* **MATERIAL SUPPLIED**
====

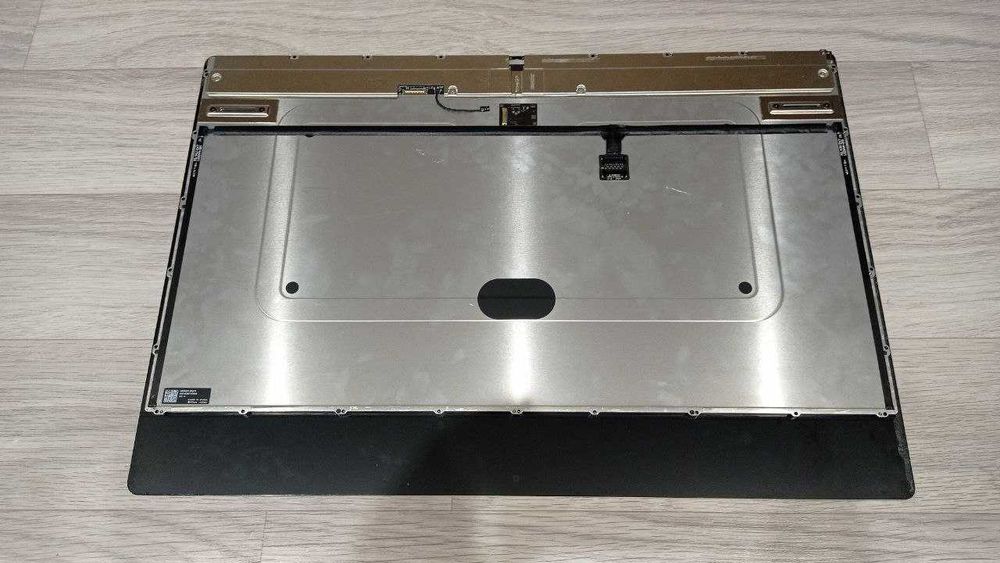 Дисплей Apple iMac A2438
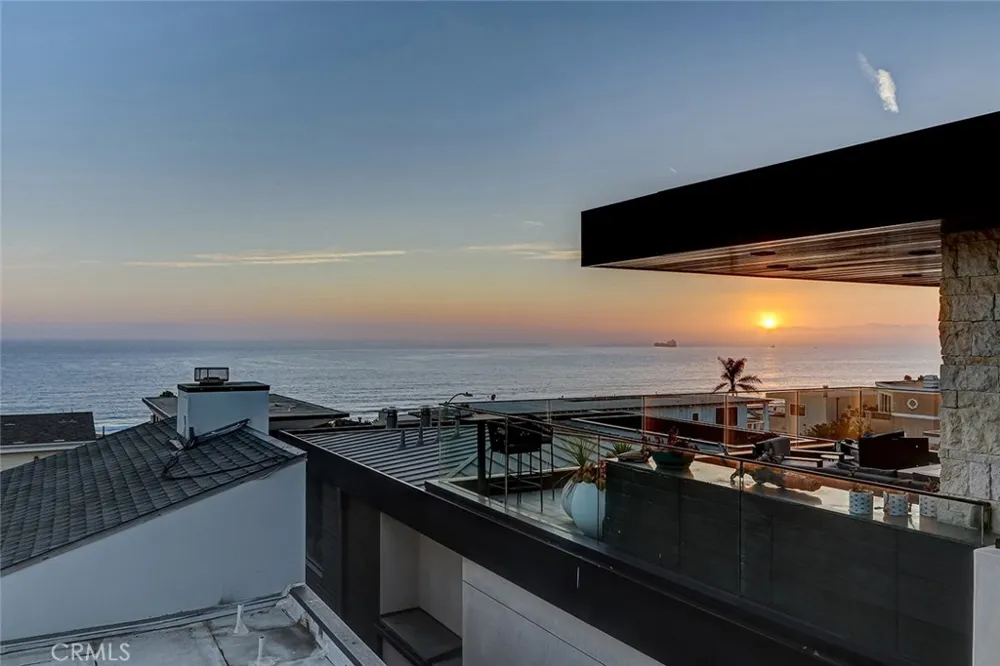 2417 Crest Manhattan Beach, CA 90266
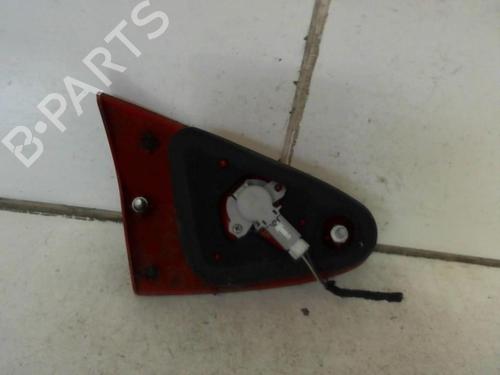 right-tailgate-light-alfa-romeo-147-937_-2000-2001-2002-2003-2004-2005-2006-2007-2008-2009-2010-37300655 main image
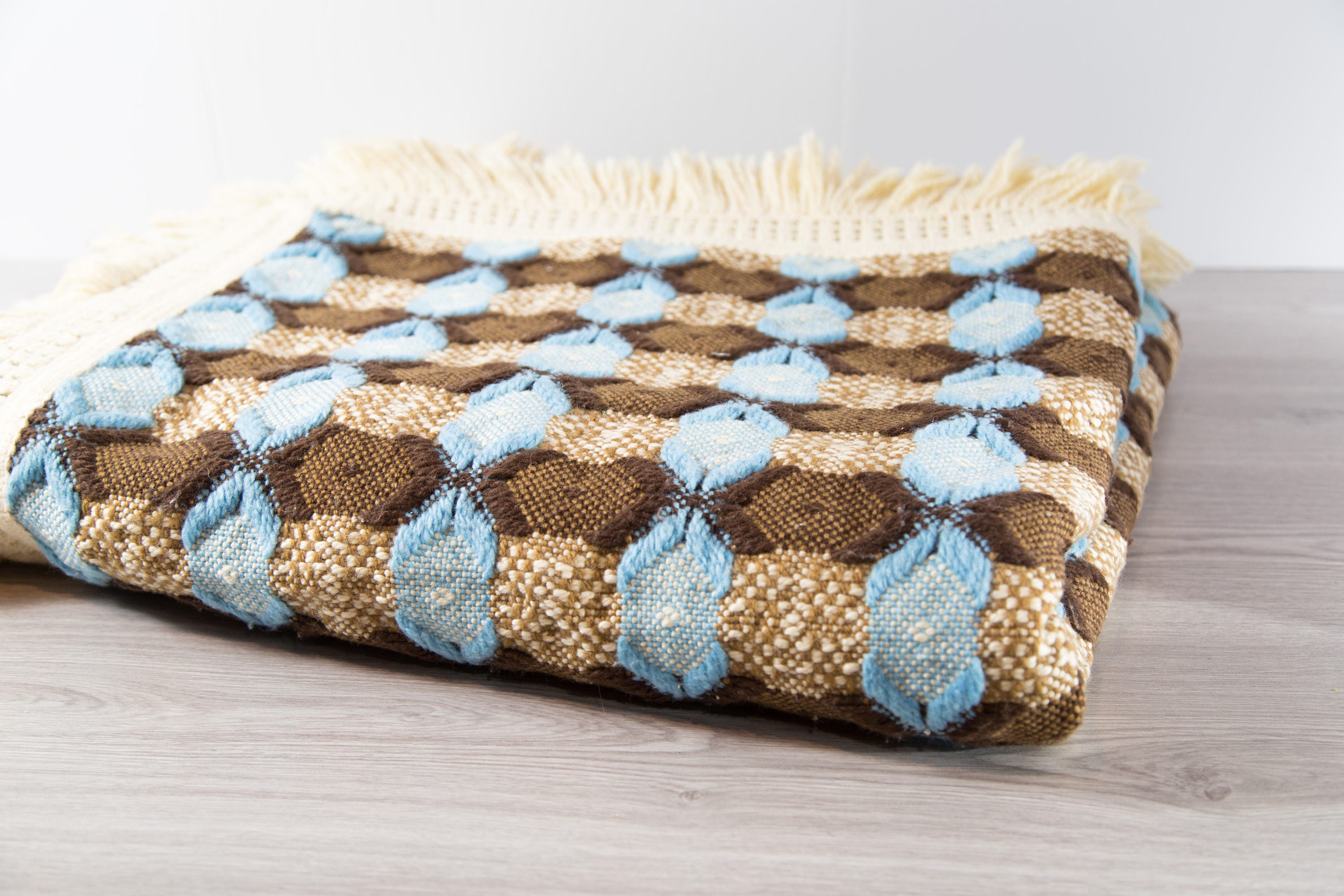 Vintage Woven Blanket / Large Quilted StyleGeometric Diamond Blue and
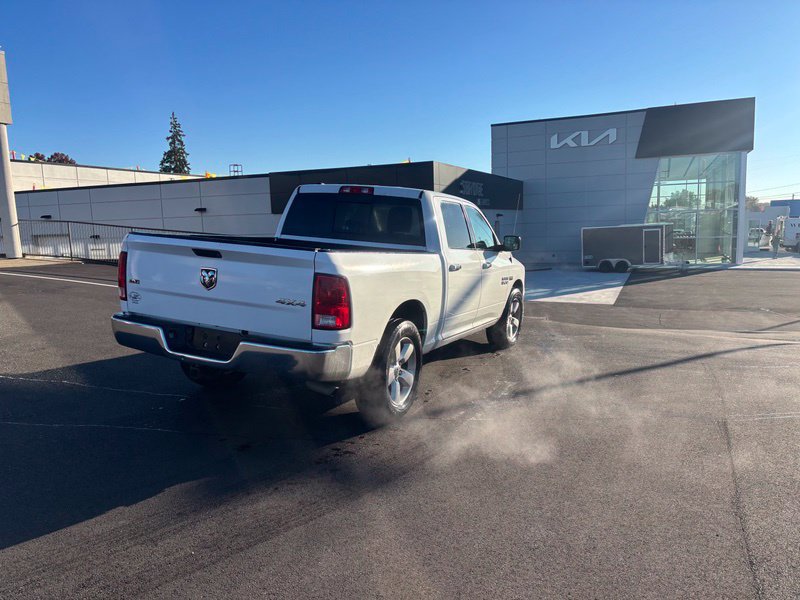 Used 2018 RAM 1500 Classic SLT AWD/4WD image 8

====

Reproduce exactly the lines from the beginning of the material down to the line containing "Vintage Woven Blanket", both ends included, but not the pictures or anything after.

 Дисплей Apple iMac A2438
 2417 Crest Manhattan Beach, CA 90266
 right-tailgate-light-alfa-romeo-147-937_-2000-2001-2002-2003-2004-2005-2006-2007-2008-2009-2010-37300655 main image
 Vintage Woven Blanket / Large Quilted StyleGeometric Diamond Blue and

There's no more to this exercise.